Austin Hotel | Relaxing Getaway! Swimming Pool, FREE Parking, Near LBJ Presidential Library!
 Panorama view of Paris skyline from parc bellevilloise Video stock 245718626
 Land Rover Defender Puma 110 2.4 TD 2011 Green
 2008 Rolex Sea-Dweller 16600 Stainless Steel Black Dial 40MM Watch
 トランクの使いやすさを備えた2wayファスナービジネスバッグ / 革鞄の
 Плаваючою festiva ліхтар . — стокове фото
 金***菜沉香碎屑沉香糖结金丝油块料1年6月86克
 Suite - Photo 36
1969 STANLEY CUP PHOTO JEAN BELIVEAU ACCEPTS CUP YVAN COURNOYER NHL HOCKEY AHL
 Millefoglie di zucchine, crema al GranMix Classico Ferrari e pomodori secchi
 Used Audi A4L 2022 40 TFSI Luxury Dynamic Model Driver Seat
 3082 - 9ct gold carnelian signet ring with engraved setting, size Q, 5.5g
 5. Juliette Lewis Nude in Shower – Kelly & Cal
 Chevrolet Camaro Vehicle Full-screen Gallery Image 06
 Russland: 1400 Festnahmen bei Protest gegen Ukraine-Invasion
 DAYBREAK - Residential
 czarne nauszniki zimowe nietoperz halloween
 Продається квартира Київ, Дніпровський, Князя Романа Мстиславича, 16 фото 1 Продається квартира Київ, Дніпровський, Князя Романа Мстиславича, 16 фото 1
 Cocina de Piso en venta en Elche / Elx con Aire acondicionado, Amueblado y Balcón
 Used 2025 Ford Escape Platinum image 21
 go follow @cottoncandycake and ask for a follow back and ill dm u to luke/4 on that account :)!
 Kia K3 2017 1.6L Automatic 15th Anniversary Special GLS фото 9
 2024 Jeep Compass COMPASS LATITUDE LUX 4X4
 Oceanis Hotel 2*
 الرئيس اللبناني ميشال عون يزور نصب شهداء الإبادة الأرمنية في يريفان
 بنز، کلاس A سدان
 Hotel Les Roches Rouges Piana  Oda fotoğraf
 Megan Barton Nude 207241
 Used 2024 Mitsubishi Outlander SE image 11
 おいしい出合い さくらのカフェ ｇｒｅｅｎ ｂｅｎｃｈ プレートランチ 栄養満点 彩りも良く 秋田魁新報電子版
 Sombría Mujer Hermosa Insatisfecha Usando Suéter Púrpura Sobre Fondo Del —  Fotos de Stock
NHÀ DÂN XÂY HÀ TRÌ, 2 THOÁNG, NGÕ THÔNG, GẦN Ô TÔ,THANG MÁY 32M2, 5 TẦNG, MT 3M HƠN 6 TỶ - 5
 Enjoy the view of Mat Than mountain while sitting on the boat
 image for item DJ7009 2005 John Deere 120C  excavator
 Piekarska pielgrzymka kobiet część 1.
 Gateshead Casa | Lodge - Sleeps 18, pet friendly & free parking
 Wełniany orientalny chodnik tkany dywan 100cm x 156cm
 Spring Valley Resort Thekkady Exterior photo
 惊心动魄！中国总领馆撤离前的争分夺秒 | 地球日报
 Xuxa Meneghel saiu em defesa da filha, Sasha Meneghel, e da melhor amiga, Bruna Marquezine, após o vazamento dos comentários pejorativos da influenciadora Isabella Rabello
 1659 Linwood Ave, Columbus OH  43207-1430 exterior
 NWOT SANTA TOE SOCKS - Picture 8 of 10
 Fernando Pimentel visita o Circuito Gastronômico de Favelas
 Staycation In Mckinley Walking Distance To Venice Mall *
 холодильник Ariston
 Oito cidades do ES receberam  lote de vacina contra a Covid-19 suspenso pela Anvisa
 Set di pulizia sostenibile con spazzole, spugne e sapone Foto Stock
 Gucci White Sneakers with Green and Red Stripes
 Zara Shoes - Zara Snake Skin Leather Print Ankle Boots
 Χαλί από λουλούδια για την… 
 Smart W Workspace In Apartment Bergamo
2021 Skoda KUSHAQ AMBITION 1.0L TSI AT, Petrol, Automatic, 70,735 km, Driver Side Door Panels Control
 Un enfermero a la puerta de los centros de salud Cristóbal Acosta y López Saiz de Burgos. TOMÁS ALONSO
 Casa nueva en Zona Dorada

══════════════════════════════

**Exercise brief:**
Look above for the line with "czarne nauszniki zimowe nietoperz halloween"; retype exactly that line, every line after it up to the line with "2021 Skoda KUSHAQ", and that line too, nothing else.

**Task result:**
 czarne nauszniki zimowe nietoperz halloween
 Продається квартира Київ, Дніпровський, Князя Романа Мстиславича, 16 фото 1 Продається квартира Київ, Дніпровський, Князя Романа Мстиславича, 16 фото 1
 Cocina de Piso en venta en Elche / Elx con Aire acondicionado, Amueblado y Balcón
 Used 2025 Ford Escape Platinum image 21
 go follow @cottoncandycake and ask for a follow back and ill dm u to luke/4 on that account :)!
 Kia K3 2017 1.6L Automatic 15th Anniversary Special GLS фото 9
 2024 Jeep Compass COMPASS LATITUDE LUX 4X4
 Oceanis Hotel 2*
 الرئيس اللبناني ميشال عون يزور نصب شهداء الإبادة الأرمنية في يريفان
 بنز، کلاس A سدان
 Hotel Les Roches Rouges Piana  Oda fotoğraf
 Megan Barton Nude 207241
 Used 2024 Mitsubishi Outlander SE image 11
 おいしい出合い さくらのカフェ ｇｒｅｅｎ ｂｅｎｃｈ プレートランチ 栄養満点 彩りも良く 秋田魁新報電子版
 Sombría Mujer Hermosa Insatisfecha Usando Suéter Púrpura Sobre Fondo Del —  Fotos de Stock
NHÀ DÂN XÂY HÀ TRÌ, 2 THOÁNG, NGÕ THÔNG, GẦN Ô TÔ,THANG MÁY 32M2, 5 TẦNG, MT 3M HƠN 6 TỶ - 5
 Enjoy the view of Mat Than mountain while sitting on the boat
 image for item DJ7009 2005 John Deere 120C  excavator
 Piekarska pielgrzymka kobiet część 1.
 Gateshead Casa | Lodge - Sleeps 18, pet friendly & free parking
 Wełniany orientalny chodnik tkany dywan 100cm x 156cm
 Spring Valley Resort Thekkady Exterior photo
 惊心动魄！中国总领馆撤离前的争分夺秒 | 地球日报
 Xuxa Meneghel saiu em defesa da filha, Sasha Meneghel, e da melhor amiga, Bruna Marquezine, após o vazamento dos comentários pejorativos da influenciadora Isabella Rabello
 1659 Linwood Ave, Columbus OH  43207-1430 exterior
 NWOT SANTA TOE SOCKS - Picture 8 of 10
 Fernando Pimentel visita o Circuito Gastronômico de Favelas
 Staycation In Mckinley Walking Distance To Venice Mall *
 холодильник Ariston
 Oito cidades do ES receberam  lote de vacina contra a Covid-19 suspenso pela Anvisa
 Set di pulizia sostenibile con spazzole, spugne e sapone Foto Stock
 Gucci White Sneakers with Green and Red Stripes
 Zara Shoes - Zara Snake Skin Leather Print Ankle Boots
 Χαλί από λουλούδια για την… 
 Smart W Workspace In Apartment Bergamo
2021 Skoda KUSHAQ AMBITION 1.0L TSI AT, Petrol, Automatic, 70,735 km, Driver Side Door Panels Control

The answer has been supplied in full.